Task description: From the entries below, return only the lines starting at the one that contains "Mercedes-Benz Sprinter - 314" and ending at the one that contains "Used 2019 Chevrolet", exactly as they stand.
============
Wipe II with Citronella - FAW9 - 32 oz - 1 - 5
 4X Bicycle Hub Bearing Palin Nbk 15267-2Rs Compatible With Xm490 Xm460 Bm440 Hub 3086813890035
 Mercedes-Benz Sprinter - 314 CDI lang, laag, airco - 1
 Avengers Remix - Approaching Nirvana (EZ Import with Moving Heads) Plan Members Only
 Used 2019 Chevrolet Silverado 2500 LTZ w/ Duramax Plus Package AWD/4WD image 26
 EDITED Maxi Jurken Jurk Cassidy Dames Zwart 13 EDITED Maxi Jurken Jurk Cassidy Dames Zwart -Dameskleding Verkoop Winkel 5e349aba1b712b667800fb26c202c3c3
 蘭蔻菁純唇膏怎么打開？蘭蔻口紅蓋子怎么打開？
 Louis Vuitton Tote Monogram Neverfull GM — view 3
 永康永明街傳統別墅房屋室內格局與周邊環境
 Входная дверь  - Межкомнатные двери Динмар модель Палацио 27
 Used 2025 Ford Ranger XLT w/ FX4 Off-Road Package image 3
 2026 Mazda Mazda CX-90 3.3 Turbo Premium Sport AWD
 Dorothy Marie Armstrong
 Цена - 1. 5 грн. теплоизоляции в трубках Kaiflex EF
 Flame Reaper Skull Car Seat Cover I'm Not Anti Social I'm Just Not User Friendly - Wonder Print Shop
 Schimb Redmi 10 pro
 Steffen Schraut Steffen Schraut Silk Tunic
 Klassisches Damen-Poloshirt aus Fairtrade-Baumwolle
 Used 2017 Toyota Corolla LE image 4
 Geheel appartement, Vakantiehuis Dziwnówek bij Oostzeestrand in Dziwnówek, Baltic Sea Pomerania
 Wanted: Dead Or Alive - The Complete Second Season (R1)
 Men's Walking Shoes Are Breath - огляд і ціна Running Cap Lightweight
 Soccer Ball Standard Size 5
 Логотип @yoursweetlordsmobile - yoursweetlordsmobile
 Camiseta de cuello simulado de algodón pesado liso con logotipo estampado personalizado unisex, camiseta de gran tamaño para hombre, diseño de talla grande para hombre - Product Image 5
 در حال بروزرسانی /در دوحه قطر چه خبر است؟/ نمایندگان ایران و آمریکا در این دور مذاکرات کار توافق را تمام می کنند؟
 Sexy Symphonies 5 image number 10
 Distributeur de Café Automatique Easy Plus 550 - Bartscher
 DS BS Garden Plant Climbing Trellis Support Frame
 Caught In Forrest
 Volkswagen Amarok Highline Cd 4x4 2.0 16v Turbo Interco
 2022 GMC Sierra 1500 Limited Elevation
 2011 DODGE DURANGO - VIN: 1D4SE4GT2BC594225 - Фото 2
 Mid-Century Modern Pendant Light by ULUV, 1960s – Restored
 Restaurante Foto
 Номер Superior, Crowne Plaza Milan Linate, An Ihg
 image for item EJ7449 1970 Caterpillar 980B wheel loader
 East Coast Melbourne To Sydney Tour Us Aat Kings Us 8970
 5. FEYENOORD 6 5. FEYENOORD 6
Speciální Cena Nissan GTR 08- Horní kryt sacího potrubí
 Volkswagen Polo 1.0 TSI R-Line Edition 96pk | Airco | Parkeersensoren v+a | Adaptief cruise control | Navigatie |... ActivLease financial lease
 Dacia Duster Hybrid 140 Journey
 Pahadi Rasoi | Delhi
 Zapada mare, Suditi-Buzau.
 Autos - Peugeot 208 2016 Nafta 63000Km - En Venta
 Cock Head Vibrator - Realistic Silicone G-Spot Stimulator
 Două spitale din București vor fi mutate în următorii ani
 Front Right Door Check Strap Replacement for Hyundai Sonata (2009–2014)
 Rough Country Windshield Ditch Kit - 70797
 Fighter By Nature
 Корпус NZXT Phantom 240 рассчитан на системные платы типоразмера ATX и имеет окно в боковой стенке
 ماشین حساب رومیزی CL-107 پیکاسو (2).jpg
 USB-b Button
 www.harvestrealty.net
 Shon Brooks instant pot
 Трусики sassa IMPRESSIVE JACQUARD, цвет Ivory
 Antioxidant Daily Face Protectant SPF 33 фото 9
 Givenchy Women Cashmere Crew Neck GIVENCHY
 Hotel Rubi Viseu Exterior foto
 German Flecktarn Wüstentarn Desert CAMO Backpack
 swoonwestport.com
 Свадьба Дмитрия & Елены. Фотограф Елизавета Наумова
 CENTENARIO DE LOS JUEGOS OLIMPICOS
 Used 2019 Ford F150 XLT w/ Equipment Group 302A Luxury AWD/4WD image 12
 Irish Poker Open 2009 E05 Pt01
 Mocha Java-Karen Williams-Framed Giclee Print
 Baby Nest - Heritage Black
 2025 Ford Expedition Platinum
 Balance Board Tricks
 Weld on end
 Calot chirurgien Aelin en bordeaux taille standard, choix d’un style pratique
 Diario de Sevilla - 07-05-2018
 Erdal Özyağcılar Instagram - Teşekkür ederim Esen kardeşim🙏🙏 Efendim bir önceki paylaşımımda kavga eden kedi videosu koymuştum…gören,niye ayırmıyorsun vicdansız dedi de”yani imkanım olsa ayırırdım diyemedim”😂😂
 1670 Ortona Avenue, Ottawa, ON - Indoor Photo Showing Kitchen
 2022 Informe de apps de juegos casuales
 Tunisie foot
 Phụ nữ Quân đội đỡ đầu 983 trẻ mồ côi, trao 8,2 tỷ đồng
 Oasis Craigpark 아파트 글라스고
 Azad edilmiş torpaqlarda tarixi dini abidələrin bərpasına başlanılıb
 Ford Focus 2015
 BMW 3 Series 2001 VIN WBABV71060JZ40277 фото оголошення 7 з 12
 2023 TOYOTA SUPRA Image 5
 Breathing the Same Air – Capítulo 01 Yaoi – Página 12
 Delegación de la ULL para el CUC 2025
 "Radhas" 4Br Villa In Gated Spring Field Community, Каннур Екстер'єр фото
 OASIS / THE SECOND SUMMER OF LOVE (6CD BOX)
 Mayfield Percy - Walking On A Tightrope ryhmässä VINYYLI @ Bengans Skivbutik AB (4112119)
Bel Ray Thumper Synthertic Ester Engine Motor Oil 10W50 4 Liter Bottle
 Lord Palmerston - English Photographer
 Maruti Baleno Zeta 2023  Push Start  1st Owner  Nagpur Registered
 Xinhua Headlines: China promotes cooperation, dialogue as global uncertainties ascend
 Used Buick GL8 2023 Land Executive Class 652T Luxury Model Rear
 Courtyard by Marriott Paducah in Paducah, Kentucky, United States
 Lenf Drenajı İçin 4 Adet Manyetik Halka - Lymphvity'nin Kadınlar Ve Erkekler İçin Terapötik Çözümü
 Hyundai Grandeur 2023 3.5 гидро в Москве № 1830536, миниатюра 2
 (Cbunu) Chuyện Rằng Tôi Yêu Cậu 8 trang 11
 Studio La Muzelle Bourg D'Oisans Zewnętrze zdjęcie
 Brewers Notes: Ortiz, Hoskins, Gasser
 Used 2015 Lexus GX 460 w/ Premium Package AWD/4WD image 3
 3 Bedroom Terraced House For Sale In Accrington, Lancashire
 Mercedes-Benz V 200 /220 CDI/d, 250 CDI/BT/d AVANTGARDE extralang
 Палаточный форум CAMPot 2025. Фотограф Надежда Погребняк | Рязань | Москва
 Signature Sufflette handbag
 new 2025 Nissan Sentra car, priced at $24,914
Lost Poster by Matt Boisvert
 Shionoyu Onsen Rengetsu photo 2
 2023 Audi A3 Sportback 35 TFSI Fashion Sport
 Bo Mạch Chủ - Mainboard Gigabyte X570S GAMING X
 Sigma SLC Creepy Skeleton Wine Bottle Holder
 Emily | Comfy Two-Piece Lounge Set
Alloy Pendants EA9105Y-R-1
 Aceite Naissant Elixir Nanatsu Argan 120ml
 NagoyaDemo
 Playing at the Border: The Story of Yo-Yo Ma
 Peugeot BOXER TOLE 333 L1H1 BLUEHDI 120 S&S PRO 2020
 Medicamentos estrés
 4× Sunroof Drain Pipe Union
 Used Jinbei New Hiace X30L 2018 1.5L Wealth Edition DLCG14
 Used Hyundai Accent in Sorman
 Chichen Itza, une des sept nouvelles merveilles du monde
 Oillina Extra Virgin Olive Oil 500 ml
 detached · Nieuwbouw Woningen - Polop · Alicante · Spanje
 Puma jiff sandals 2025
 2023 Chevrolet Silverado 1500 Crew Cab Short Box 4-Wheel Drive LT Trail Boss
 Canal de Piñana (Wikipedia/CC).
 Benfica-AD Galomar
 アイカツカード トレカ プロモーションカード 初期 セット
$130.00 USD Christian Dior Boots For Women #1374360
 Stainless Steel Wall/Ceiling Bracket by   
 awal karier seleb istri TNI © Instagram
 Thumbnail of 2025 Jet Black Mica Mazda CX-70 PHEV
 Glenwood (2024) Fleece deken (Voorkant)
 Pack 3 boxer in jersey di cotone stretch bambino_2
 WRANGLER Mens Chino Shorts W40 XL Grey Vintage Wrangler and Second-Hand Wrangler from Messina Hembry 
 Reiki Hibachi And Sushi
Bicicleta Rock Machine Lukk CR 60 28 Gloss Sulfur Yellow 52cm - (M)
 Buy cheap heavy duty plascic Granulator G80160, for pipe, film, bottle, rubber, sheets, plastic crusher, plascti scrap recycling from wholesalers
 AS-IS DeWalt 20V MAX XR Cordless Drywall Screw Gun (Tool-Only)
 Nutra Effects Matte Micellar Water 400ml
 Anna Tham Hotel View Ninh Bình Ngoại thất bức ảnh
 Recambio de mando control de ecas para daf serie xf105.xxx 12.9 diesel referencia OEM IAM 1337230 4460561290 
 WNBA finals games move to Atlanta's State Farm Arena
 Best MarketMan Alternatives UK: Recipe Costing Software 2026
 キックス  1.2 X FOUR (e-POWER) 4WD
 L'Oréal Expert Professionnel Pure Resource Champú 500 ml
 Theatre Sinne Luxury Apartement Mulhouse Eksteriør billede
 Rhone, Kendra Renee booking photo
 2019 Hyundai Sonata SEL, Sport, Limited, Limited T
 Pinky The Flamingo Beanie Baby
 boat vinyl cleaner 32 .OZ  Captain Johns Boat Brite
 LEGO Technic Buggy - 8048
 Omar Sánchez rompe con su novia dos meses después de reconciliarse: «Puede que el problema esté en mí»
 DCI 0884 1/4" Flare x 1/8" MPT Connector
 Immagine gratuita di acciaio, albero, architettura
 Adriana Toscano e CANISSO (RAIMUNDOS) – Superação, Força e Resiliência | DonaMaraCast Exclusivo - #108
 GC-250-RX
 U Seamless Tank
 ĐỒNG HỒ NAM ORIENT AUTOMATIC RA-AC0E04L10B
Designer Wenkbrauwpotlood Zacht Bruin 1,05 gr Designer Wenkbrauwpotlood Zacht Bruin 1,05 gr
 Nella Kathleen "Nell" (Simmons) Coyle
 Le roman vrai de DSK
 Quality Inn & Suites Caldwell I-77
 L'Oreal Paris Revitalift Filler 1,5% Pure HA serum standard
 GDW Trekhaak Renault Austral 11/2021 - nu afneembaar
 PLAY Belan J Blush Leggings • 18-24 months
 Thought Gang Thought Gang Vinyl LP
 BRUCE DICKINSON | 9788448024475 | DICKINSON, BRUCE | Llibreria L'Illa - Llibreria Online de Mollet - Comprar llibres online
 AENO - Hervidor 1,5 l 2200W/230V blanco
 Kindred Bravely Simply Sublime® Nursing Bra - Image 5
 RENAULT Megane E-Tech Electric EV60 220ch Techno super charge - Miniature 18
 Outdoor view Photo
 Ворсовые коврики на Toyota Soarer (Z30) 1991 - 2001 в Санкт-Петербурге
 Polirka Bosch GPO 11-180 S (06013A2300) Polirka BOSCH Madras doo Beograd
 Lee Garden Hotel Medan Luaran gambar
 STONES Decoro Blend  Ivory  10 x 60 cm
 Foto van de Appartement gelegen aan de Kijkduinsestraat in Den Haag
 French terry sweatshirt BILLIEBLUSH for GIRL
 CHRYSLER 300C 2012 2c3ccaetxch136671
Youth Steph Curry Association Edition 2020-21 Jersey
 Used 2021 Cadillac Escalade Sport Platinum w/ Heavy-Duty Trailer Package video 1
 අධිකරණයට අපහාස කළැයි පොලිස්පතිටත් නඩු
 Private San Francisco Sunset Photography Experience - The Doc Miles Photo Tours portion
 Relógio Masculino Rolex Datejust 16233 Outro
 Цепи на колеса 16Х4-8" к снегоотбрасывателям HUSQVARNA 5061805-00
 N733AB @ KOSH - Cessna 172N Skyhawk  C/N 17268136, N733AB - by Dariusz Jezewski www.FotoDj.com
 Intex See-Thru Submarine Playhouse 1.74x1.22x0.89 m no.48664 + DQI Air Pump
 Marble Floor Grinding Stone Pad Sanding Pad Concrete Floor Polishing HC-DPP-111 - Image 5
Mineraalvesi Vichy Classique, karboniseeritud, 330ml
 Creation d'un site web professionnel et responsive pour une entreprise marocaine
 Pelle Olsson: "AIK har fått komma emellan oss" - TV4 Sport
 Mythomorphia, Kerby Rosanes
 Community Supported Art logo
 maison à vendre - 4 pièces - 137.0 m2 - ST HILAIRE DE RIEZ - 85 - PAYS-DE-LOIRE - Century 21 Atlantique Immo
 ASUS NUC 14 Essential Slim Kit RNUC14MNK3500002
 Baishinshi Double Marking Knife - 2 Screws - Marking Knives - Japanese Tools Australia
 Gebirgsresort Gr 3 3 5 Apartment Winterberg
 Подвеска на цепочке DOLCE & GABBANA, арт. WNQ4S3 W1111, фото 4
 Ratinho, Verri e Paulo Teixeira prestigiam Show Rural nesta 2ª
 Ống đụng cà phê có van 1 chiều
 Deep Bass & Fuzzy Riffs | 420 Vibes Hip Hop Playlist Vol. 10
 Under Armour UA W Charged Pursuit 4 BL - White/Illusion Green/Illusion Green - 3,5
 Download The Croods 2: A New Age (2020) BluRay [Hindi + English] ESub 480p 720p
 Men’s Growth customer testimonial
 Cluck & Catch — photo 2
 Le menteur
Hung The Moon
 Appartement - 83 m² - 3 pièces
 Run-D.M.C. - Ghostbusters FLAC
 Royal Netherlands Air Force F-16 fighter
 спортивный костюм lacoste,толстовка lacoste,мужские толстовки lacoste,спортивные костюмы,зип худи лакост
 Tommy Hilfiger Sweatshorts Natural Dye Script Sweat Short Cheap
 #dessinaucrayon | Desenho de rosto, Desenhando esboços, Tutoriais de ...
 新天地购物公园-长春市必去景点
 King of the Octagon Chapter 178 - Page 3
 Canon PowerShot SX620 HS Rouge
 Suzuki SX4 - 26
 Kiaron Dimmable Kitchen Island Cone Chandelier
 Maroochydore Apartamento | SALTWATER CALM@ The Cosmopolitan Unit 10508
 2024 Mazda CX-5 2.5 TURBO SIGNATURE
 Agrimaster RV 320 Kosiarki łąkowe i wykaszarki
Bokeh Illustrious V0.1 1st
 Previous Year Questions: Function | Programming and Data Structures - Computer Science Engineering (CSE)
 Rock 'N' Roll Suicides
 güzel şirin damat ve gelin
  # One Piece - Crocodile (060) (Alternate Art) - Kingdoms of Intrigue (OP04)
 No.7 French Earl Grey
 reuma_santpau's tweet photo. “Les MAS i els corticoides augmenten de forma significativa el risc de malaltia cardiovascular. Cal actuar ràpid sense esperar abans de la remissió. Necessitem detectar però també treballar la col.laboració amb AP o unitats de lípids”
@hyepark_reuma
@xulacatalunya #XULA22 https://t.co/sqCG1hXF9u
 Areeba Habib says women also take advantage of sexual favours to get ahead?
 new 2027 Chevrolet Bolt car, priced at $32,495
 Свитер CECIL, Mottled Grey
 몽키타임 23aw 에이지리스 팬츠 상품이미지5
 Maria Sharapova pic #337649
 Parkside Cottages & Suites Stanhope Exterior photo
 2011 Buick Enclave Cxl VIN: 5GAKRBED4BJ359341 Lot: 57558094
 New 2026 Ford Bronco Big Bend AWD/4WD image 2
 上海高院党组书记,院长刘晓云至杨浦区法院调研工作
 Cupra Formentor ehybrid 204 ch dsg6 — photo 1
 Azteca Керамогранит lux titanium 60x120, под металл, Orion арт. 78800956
============
Written response:
 Mercedes-Benz Sprinter - 314 CDI lang, laag, airco - 1
 Avengers Remix - Approaching Nirvana (EZ Import with Moving Heads) Plan Members Only
 Used 2019 Chevrolet Silverado 2500 LTZ w/ Duramax Plus Package AWD/4WD image 26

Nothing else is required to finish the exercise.